Stored items:
####

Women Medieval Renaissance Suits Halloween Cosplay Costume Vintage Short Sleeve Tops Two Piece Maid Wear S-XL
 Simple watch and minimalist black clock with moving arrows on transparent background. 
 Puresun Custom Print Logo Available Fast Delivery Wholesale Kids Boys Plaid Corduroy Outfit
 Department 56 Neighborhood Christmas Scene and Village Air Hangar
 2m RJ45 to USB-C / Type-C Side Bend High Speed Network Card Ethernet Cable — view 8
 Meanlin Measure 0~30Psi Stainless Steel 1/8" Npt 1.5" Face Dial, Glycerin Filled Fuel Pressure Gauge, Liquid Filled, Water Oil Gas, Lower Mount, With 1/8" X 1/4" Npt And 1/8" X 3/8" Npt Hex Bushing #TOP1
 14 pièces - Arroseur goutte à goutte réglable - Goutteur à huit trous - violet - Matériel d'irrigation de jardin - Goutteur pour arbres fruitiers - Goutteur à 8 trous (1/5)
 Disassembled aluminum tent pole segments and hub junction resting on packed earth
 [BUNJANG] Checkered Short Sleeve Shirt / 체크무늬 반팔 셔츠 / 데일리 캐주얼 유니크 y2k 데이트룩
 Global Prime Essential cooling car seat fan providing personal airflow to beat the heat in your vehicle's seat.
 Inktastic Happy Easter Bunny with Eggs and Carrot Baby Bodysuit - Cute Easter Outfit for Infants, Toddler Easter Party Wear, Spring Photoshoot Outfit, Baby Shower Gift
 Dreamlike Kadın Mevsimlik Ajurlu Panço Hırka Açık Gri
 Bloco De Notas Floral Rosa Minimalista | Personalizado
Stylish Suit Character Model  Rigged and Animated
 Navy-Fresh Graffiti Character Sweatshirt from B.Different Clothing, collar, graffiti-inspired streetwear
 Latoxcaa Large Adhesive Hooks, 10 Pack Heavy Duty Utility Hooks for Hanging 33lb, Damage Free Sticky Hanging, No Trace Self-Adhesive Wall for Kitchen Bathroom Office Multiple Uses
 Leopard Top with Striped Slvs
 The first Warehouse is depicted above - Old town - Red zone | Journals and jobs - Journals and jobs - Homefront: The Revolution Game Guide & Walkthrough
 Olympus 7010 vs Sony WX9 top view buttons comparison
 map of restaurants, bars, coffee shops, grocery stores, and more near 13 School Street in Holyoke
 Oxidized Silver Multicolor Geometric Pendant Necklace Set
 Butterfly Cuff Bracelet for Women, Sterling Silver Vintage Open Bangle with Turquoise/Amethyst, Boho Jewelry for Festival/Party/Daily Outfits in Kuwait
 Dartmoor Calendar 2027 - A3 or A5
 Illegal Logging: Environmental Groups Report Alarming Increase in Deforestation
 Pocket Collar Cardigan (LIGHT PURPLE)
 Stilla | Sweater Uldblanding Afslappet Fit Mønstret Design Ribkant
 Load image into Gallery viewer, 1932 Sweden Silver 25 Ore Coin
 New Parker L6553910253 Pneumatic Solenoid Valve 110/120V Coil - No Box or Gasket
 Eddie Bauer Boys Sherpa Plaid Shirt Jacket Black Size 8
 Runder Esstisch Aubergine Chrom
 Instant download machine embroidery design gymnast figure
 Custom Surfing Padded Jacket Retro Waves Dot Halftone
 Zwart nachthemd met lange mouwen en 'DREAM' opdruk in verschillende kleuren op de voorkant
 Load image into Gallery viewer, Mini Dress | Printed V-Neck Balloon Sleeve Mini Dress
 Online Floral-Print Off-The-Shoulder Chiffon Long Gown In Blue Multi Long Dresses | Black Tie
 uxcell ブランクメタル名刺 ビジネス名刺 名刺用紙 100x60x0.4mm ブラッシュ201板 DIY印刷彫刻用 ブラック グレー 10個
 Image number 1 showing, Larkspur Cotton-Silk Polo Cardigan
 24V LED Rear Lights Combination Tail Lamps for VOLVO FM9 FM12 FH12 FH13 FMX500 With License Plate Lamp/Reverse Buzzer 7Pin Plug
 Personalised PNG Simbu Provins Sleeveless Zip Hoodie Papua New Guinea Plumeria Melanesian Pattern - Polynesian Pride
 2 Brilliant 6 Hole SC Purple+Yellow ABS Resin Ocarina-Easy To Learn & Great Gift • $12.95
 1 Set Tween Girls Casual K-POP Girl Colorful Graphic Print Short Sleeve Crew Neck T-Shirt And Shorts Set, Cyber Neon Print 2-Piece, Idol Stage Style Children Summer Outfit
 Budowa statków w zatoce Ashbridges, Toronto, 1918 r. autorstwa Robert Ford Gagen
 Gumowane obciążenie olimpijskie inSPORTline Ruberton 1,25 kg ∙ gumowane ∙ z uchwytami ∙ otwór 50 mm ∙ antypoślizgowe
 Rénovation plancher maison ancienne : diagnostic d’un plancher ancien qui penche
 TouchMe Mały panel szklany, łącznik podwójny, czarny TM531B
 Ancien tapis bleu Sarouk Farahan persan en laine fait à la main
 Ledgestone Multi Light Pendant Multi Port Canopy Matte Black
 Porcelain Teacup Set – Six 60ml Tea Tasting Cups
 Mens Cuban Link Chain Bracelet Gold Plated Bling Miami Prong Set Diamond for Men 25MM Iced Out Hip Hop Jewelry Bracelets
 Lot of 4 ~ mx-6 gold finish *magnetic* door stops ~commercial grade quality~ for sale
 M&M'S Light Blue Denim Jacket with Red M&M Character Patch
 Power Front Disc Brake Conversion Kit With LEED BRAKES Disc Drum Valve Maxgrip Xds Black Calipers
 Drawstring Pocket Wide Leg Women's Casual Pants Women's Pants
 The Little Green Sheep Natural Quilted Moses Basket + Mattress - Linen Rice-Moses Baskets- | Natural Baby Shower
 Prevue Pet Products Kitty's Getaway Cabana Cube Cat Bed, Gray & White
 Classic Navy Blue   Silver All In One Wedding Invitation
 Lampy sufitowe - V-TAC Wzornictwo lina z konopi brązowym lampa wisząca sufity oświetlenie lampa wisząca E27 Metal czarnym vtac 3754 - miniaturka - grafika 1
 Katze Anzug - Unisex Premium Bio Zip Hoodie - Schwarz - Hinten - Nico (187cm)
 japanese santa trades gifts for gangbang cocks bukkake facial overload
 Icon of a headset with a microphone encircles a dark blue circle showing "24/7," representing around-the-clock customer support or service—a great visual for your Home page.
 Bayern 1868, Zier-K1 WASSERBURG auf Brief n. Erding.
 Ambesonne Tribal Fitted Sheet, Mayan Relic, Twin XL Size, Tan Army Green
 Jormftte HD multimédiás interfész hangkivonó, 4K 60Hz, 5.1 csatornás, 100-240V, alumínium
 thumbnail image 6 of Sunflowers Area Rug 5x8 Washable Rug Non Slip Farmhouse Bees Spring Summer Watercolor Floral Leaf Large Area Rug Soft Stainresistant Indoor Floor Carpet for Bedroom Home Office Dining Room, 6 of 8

####

An exact copy of the lines above, from the one containing "Dreamlike Kadın Mevsimlik" through the one containing "24V LED Rear", is the whole of the answer.

 Dreamlike Kadın Mevsimlik Ajurlu Panço Hırka Açık Gri
 Bloco De Notas Floral Rosa Minimalista | Personalizado
Stylish Suit Character Model  Rigged and Animated
 Navy-Fresh Graffiti Character Sweatshirt from B.Different Clothing, collar, graffiti-inspired streetwear
 Latoxcaa Large Adhesive Hooks, 10 Pack Heavy Duty Utility Hooks for Hanging 33lb, Damage Free Sticky Hanging, No Trace Self-Adhesive Wall for Kitchen Bathroom Office Multiple Uses
 Leopard Top with Striped Slvs
 The first Warehouse is depicted above - Old town - Red zone | Journals and jobs - Journals and jobs - Homefront: The Revolution Game Guide & Walkthrough
 Olympus 7010 vs Sony WX9 top view buttons comparison
 map of restaurants, bars, coffee shops, grocery stores, and more near 13 School Street in Holyoke
 Oxidized Silver Multicolor Geometric Pendant Necklace Set
 Butterfly Cuff Bracelet for Women, Sterling Silver Vintage Open Bangle with Turquoise/Amethyst, Boho Jewelry for Festival/Party/Daily Outfits in Kuwait
 Dartmoor Calendar 2027 - A3 or A5
 Illegal Logging: Environmental Groups Report Alarming Increase in Deforestation
 Pocket Collar Cardigan (LIGHT PURPLE)
 Stilla | Sweater Uldblanding Afslappet Fit Mønstret Design Ribkant
 Load image into Gallery viewer, 1932 Sweden Silver 25 Ore Coin
 New Parker L6553910253 Pneumatic Solenoid Valve 110/120V Coil - No Box or Gasket
 Eddie Bauer Boys Sherpa Plaid Shirt Jacket Black Size 8
 Runder Esstisch Aubergine Chrom
 Instant download machine embroidery design gymnast figure
 Custom Surfing Padded Jacket Retro Waves Dot Halftone
 Zwart nachthemd met lange mouwen en 'DREAM' opdruk in verschillende kleuren op de voorkant
 Load image into Gallery viewer, Mini Dress | Printed V-Neck Balloon Sleeve Mini Dress
 Online Floral-Print Off-The-Shoulder Chiffon Long Gown In Blue Multi Long Dresses | Black Tie
 uxcell ブランクメタル名刺 ビジネス名刺 名刺用紙 100x60x0.4mm ブラッシュ201板 DIY印刷彫刻用 ブラック グレー 10個
 Image number 1 showing, Larkspur Cotton-Silk Polo Cardigan
 24V LED Rear Lights Combination Tail Lamps for VOLVO FM9 FM12 FH12 FH13 FMX500 With License Plate Lamp/Reverse Buzzer 7Pin Plug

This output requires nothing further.